Earlier this week, his head coach, Dave Rennie, made a point of highlighting that the English champions are very good at creating a bit of niggle when things aren’t going their way, which puts the opposition off their stride and lures them into conceding soft penalties.
The New Zealander was speaking from first-hand knowledge, having been frustrated at some of the antics from the likes of Maro Itoje during the two previous occasions the sides have met this season.
Rennie actually highlighted a specific incident in the first of those matches at Scotstoun back in October, when Warriors were awarded a penalty only for it to be reversed when Brown got embroiled in a fracas after the whistle.

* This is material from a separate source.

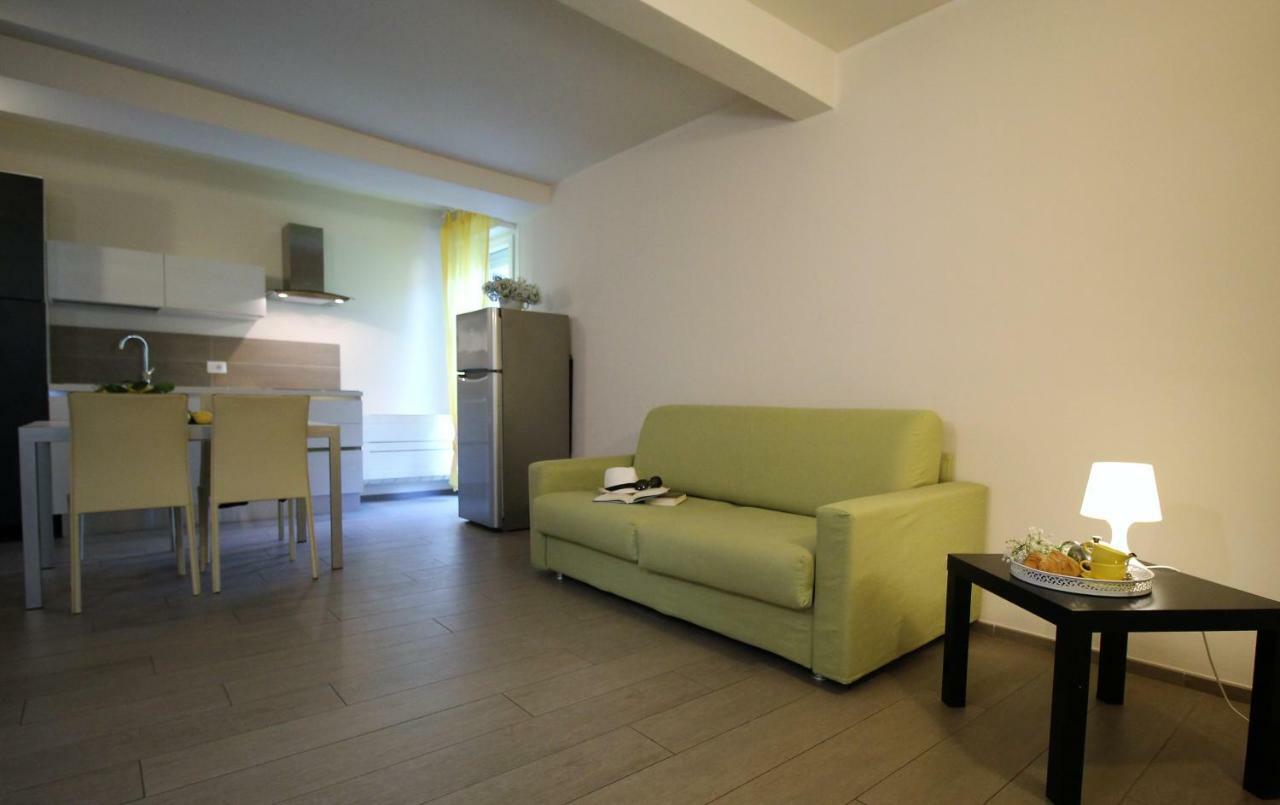 Residence Felice Celle Ligure Exterior photo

Saracens stand-off Owen Farrell kicked the three points which shifted the visitors into a 13-3 lead just before half-time, which was how the game ended after a stalemated second-half.
Brown reckons he and his team-mates have learned from that game, and from the equally hard-fought return fixture three months later. This weekend promises to be another edgy encounter, and the key to success could be in who keeps the calmest head in the heat of battle.
“I think so,” he replied, when asked if street smarts was going to be a key issue this weekend. “But, I think, you’ve got to play well, and you’ve got to be demonstrating to the referee that you are trying to play well to begin with. We’ve got Nigel Owens as the referee this weekend – he’s refereed god knows how many games – so he knows all the tricks. So, you’ve got to prove that you are in the ascendancy.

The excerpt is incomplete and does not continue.